Repository files navigation

HPC Workflow Management with Maestro

The lesson

"HPC Workflow Management with Maestro" was written to follow HPC Carpentry's HPC Intro, where learners get hands-on experience working with Slurm and running a parallel program called amdahl. In this lesson, learners will see how workflow management tools (here, maestro) can automate the user's job submission processes, leaving behind a record of how and when the user's work was completed. This automation and record making helps users to document and reproduce their workflows.

This lesson was originally ported to maestro from HPC Carpentry's workflow lesson with snakemake for a workshop at Lawrence Livermore National Lab.

About Maestro

From Maestro's documentation and GitHub:

Maestro is an open-source HPC software tool that defines a YAML-based study specification for defining multistep workflows and automates execution of software flows on HPC resources. The core design tenants of Maestro focus on encouraging clear workflow communication and documentation, while making consistent execution easier to allow users to focus on science.

Maestro gives an easy path to automating and orchestrating your workflows, building upon your existing shell and batch (HPC scheduled scripts/tasks) script tasks to layer on parameterization, task dependencies, and output isolation. Additionally, Maestro's workflow specification layer enables documenting those scripts and their interdependencies if chaining them together, and makes them more repeatable and shareable for enhanced collaboration with your peers.

You can learn more about other workflow tools here.

Building these pages locally

These lesson pages are built using the Carpentries Workbench, powered by the R package and static website generator sandpaper. You can install sandpaper and render these pages locally with the following instructions.

  1. Install R & RStudio here. Rstudio includes pandoc another requirement for building these docs.

  2. In RStudio's console, run

# register the repositories for The Carpentries and CRAN
options(repos = c(
  carpentries = "https://carpentries.r-universe.dev/",
  CRAN = "https://cran.rstudio.com/"
))

# Install the template packages to your R library
install.packages(c("sandpaper", "varnish", "pegboard", "tinkr"))
  1. From RStudio, use the menu to change your working directory to your local/cloned copy of this repo via  Session > Set Working Directory > Choose Directory.
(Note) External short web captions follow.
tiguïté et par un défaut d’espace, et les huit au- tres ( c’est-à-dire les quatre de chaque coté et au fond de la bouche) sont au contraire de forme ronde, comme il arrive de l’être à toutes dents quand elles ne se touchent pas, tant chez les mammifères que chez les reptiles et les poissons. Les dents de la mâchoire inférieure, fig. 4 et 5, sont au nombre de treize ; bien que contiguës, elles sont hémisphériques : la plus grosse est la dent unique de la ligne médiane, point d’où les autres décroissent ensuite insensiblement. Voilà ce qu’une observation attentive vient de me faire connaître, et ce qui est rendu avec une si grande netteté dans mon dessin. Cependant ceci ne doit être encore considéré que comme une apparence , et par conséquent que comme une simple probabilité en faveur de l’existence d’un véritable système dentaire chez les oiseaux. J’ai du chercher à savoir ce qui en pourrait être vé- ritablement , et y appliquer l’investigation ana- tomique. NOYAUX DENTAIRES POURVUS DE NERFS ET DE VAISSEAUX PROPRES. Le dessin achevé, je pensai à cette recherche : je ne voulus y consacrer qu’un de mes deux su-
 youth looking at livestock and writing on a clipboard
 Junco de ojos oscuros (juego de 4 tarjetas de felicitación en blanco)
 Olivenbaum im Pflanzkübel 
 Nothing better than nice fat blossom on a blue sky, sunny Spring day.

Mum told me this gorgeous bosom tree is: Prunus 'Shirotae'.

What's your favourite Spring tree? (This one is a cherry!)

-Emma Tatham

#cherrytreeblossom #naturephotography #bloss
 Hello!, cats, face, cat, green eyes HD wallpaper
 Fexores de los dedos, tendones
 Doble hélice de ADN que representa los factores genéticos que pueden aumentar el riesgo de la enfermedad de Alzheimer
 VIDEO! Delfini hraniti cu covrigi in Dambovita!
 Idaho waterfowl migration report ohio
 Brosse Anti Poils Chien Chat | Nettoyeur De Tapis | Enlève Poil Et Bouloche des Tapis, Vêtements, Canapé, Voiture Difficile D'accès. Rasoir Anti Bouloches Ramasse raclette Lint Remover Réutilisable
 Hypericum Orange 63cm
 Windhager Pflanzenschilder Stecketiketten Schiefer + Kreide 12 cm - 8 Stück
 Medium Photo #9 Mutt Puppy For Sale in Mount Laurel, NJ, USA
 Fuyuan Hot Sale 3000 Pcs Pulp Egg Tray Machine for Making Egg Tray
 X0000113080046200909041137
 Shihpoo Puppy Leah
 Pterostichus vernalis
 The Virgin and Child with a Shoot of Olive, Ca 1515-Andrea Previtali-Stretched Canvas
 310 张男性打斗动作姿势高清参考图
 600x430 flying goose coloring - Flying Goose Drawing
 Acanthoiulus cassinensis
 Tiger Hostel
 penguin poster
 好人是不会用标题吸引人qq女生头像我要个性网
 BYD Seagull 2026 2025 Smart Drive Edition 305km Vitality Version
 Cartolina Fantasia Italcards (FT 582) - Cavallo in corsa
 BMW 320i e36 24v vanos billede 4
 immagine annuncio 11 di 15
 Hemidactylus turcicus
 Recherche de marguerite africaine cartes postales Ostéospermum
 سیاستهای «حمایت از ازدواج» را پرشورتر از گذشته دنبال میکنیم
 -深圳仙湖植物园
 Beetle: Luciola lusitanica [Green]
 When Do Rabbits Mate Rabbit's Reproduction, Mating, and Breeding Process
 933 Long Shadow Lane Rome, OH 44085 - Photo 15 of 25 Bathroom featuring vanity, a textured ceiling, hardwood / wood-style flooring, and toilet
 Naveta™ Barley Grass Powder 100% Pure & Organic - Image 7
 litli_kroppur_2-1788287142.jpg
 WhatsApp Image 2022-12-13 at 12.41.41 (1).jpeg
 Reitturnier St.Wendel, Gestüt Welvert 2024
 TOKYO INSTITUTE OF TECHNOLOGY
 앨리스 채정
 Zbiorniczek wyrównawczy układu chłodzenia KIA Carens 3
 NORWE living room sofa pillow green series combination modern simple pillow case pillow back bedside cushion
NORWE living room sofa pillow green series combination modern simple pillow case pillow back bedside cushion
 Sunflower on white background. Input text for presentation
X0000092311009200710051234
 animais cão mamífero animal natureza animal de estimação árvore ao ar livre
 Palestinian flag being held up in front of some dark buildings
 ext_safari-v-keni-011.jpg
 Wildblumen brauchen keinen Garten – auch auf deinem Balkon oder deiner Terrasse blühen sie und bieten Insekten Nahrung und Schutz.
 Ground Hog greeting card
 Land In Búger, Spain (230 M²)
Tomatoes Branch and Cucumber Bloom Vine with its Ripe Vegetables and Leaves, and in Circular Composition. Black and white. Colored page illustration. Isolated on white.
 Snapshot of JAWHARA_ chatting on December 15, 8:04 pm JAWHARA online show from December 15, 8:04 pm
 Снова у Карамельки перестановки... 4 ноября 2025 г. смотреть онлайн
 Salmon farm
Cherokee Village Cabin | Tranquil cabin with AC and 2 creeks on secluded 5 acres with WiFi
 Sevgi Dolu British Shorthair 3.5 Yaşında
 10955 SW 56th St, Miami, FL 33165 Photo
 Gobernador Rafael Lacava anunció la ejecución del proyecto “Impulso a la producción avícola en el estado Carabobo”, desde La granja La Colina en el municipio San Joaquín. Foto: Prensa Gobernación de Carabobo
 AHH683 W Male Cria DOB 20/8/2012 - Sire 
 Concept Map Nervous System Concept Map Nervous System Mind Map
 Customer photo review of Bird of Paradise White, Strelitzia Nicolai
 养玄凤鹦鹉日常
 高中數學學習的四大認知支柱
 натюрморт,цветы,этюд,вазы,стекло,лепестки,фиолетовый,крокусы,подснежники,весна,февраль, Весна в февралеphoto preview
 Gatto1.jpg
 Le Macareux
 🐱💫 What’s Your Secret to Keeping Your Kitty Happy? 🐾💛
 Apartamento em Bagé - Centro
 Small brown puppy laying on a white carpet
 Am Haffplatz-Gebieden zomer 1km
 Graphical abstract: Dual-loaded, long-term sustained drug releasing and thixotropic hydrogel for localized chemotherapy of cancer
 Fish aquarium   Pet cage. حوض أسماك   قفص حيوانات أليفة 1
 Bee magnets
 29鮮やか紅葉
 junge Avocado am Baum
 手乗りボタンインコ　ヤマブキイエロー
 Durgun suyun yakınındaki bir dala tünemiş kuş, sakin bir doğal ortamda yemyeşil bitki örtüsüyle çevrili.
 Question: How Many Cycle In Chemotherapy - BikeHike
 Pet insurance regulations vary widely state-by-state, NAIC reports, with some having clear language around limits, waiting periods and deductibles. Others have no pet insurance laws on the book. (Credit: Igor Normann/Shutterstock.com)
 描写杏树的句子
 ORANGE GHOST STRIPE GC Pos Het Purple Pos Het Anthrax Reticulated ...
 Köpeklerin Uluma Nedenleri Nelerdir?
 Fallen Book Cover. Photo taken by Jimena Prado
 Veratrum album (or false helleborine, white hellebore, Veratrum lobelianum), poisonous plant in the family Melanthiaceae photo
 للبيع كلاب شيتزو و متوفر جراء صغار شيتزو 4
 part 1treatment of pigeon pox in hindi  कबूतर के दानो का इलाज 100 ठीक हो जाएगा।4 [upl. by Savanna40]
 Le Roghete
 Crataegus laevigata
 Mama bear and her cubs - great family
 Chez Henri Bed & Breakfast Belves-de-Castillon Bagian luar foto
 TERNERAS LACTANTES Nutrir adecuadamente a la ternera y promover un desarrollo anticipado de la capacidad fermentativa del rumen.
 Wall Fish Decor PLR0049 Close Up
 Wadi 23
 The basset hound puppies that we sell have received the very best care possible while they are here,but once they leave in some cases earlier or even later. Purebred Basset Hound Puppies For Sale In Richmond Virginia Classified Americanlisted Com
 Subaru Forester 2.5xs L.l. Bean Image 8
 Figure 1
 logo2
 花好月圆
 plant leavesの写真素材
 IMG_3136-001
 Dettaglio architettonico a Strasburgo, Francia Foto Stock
  2. In RStudio's console, run

library("sandpaper")
sandpaper::serve()
  1. Copy http://127.0.0.1:4321 from the output printed to RStudio's console and paste it into the browser. Your rendered docs should be visible from there!

For more info, see https://carpentries.github.io/sandpaper-docs/

Contributing

Contributions to this lesson are welcome! Before submitting a PR, please build the web pages locally and check that they build correctly with your changes.